How to downscale data from a new model
Source:vignettes/downscaleNewModel.Rmd
downscaleNewModel.RmdStarting Point
You have regional (i.e., non-gridded) land use data produced by an integrated assessment model (we use “CoolNewModel” as placeholder name here) that should be harmonized and downscaled using LUH3 as a historical high-resolution reference dataset.
This vignette describes how to modify mrdownscale to process CoolNewModel land data.
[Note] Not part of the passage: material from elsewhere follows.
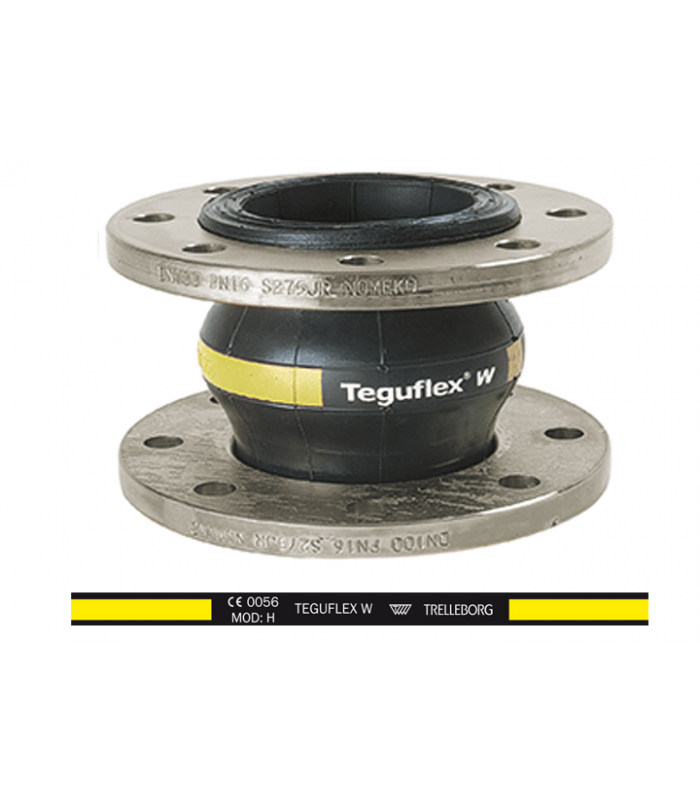 Компенсатор за масла и горива с въртящ фланец Teguflex W YELLOW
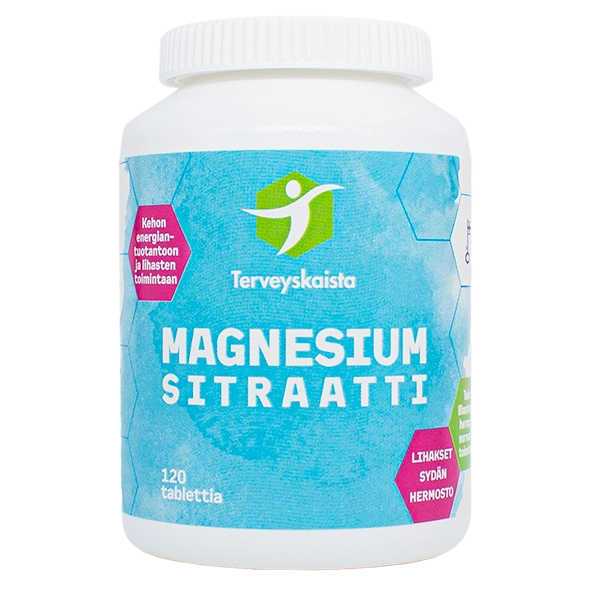 Terveyskaista Magnesiumsitraatti 375 mg-Terveyskaista-Hyvinvoinnin Tavaratalo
It focuses on land variables representing the distribution of land area across the different land use types (e.g. urban, primary forest) only and does not cover downscaling of non-land variables (e.g. fertilizer), even though mrdownscale is capable of handling those (as implemented for MAgPIE). If you have questions or run into trouble, please contact the mrdownscale developers (mail address in the DESCRIPTION file).
Overview
To integrate a new model into mrdownscale, you will need to create and modify five key components. The table below summarizes each step; detailed instructions for each follow in the sections below.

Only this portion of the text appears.